Here in Brazil, unemployment has exploded in the months of imposed energy
rationing. Factories have been forced to lower production to meet their
rationing quota. In a recent survey, 63% of the industrial managers questioned
said layoffs were unavoidable because of the energy crisis. Citizens, fearful
of losing energy all together, have reduced buying of new electrical
appliances. Refrigerator and electrical appliance sales are down 33% this
week. Even sales of electric door bells, a small industry, are down 31%. And
if you walk around poorer neighborhoods, where the shops sell 2nd
or 3rd hand appliances without energy-saver controls, you will see
that several used appliance stores have closed and the others are selling used
furniture or other substitutes to try to hang in.

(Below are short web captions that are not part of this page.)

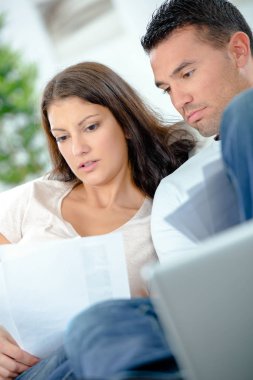 Couple looking at papers with worried expressions clipart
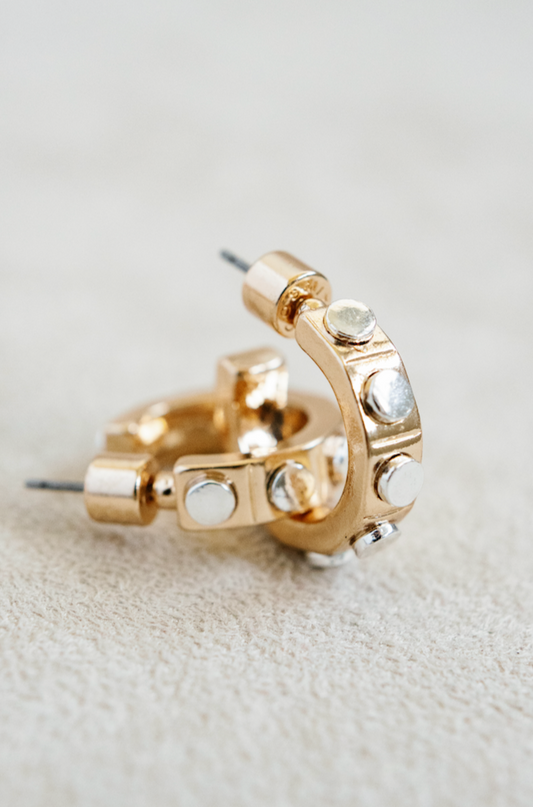 small .5" gold hoop earing with round silver studs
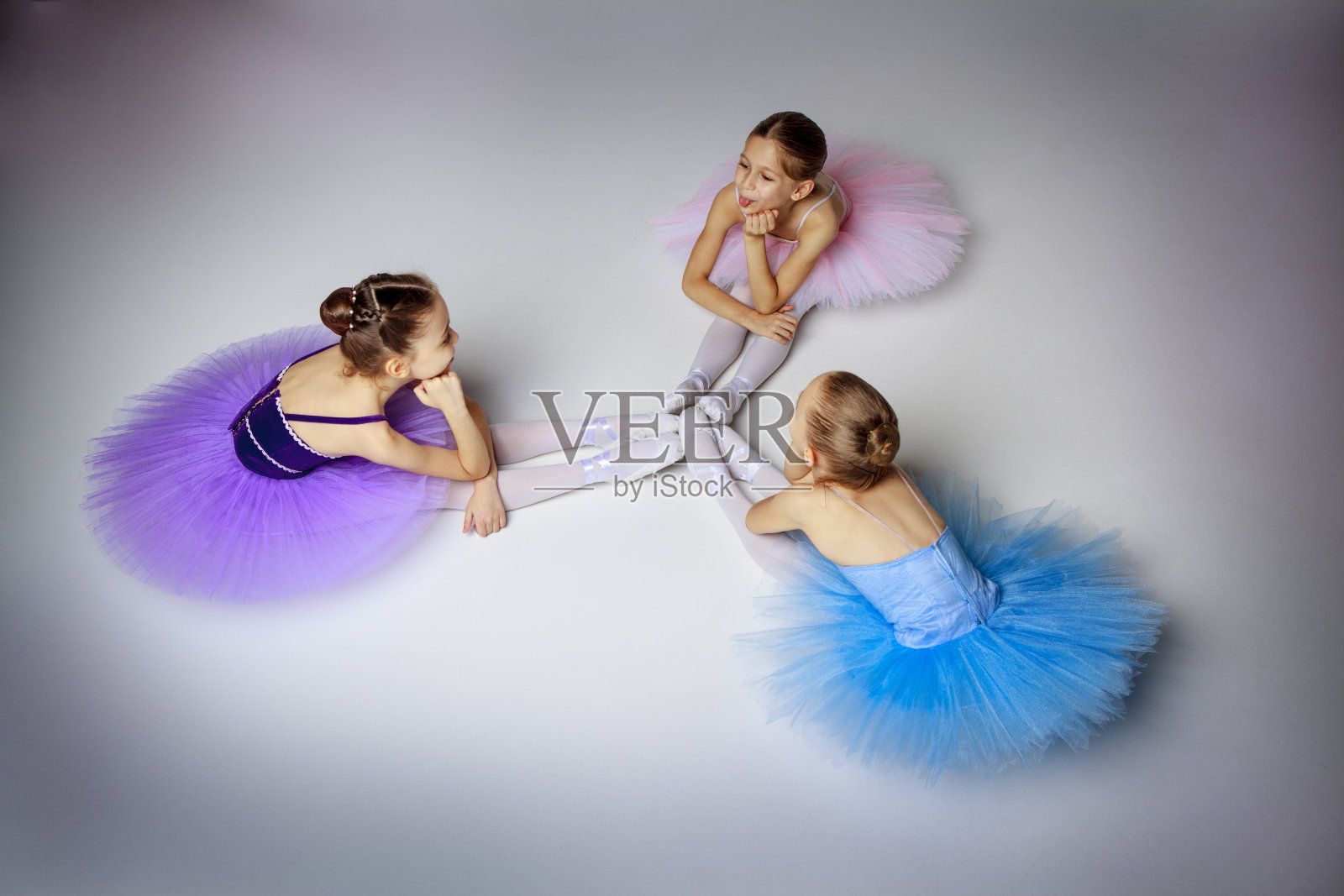 三个芭蕾舞小女孩穿着芭蕾舞裙坐在一起摆姿势照片摄影图片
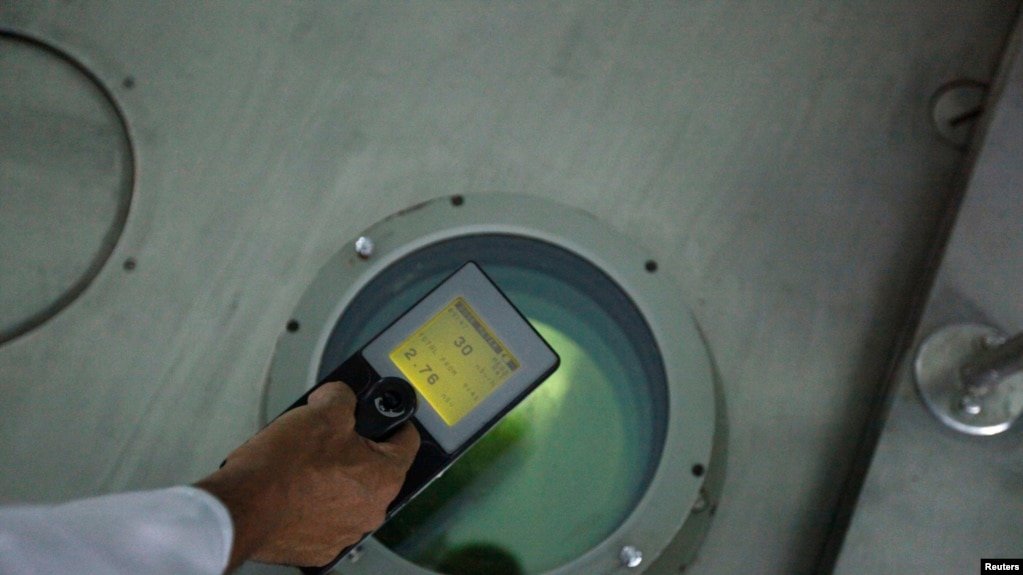 A Libyan representative uses a Geiger counter to measure radiation at the Tajoura nuclear research center...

In the panic and discomfort, it is hard to be rational and discerning. This
works well for those who want to benefit from the situation, but it is bad for
the earth, for humanity and the rest of the earth community. We need to be
agents who seek, verbalize and support calm, studied, balanced, non-violent
short and long term solutions that will guarantee life for all, not just for
those who can pay any price and don’t look to the future.
Now, more than ever it is important to take time to look at what is behind
the crisis.
Previously, Brazil had the best energy supply in the world in addition to
having 10% of the world’s fresh water. It had the capacity to confront a 5
year drought without energy crises.
What happened to create the current energy situation? A number of factors
can be identified.
- Over the years, successive governments have allowed electrical firms to
go into debt in order to pay the external debts in dollars.
- In order to prevent inflation, the "charge for service" scale
has not been sufficiently adjusted.
- Mechanical components in the generating and delivery systems have become
outdated or been allowed to deteriorate.
- New sustainable sources of energy have not been explored and cultivated.
Instead of taking steps to modernize equipment and develop sustainable
means of providing adequate affordable energy, Brazil promoted privatization
of energy services as the solution to company debts and inefficiencies. As is
usually the case, the new non-governmental system attracted national and
foreign investors whose primary concern was financial gain, not quality of
service. Brazil, with its eyes directed toward capitalist financing, failed to
perceive that its real economy is energy, and sold its distribution
rights to EDF in France, AES in the USA, then more recently, to Belgian,
Chilean and Spanish companies.
Roberto Malvezzi, of the National Coordination of the Pastoral Land
Commission, suggests an even more troublesome interpretation of the current
energy crisis. Brazilians, he says, have been told that the crisis is due to
inadequate rain. While rainfall has been less than normal, Malvezzi
believes this is nonsense and distracts from what is really behind the alleged
shortages. He suggests that the electrical crises are being manufactured
– created with the objective of privatizing control over Brazilian waters.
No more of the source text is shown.